Seguíamos en la ruta 3, a la altura de Fitz Roy, en una estación de servicio que no tenía nafta (gasolina), sólo tenía una dependienta abobinable que no nos dejaba usar el baño. Algún destino eligió que un "mamut" blanco con 6 ruedas se detuviera en aquel lugar y que en su interior se encontrara una familia viajera maravillosa. Tuvimos el placer de acompañar, recorrer día y noche unos 1500 km, cruzando fronteras, atravesando el canal de Magallanes en barco, por carreteras asfaltadas y por el "temible" y esperado ripio; con Martín,Viviana y Esio.

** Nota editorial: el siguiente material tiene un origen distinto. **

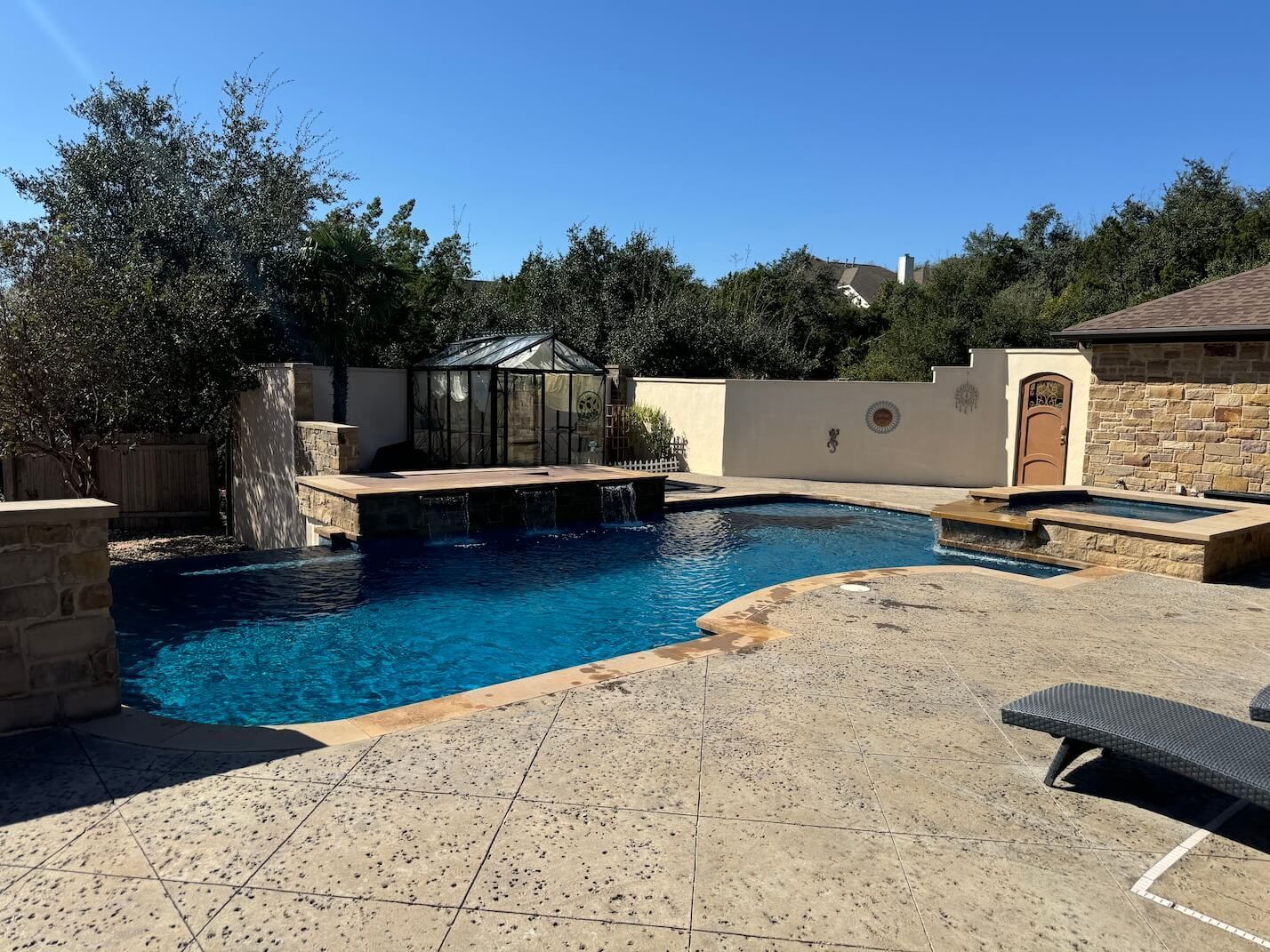 A large swimming pool is in the backyard of a house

Ushuaia, ciudad más al sur de nuestro planeta, se ubica en la isla de Tierra del Fuego. Se denomina tierra de fuego porque cuando llegaban los "conquistadores", los Patagones que estaban muy tranquilitos con su fuego, acojonaban con la multitud de hogueras a los piratas que esperaban en los barcos. Sólo consiguieron retener a esa banda un poco; y después como cantaría Viviana: "Nos conquistaron".
La ciudad tiene cierto encanto, así como contrastes fuertisímos. Porque a la vez que llega un trasatlántico con miles de rusos con dentaduras de oro y relojes de pulsera pesados, los niños sin dientes juegan a romper botellas de cerveza a pedradas. Las calles son sinuosas y desordenadas debido a que lo normal era que cada uno se construyera su casita donde más le apetecía.
Nos instalamos en un camping, al cuál bautizo como el camping del pelotudo, con esta persona encontré el verdadero significado a esta palabra argentina. Entre los árboles y el frío mitigado por un café ardiente, apareció David ante nuestros ojos. La celebración fue grandiosa.
Los tres y acompañados por un nuevo viajero llamado John, de Gales y especialista en trekking, él cual nos hizo pasar una velada formidable en casa de Martín y Viviana, cantando folk Gales. Nos aventuramos tres días a la dureza de la precordillera de los Andes. Con un equipamiento mínimo pasamos dos noches y tres días de ensueño entre valles, lagos y bosques. Descubrimos la fatigosa y rojiza Turba, es un liquen esponjoso y húmedo que absorve el agua y si te descuidas los pies, terreno por el cual anduvimos incesantemente y de forma sufrida. El segundo día subimos hasta el lago gris de roca y pasamos otra noche en otro lago con la unica compañia de un viento helado húmedo y una familia de castores. El último día como nos habíamos descuidado del sendero, decidimos inventarnos uno y fuímos a lo jabalí montaña abajo, por una ladera de piedras afiladas y por un bosque frondoso hasta llegar de nuevo a la puta turba. Todo esto en chanclas con calcetines...
Pasamos unos días más por esa ciudad sureña donde en un mismo día sufríamos un impresionante frio, lluvia, vientos y disfrutabamos de 7 minutos de sol. Conocimos a un pibe de Buenos Aires llamado Santiago con el que compartimos buenas charlas y farras. Y por cierto me encontré con uno de Lezo.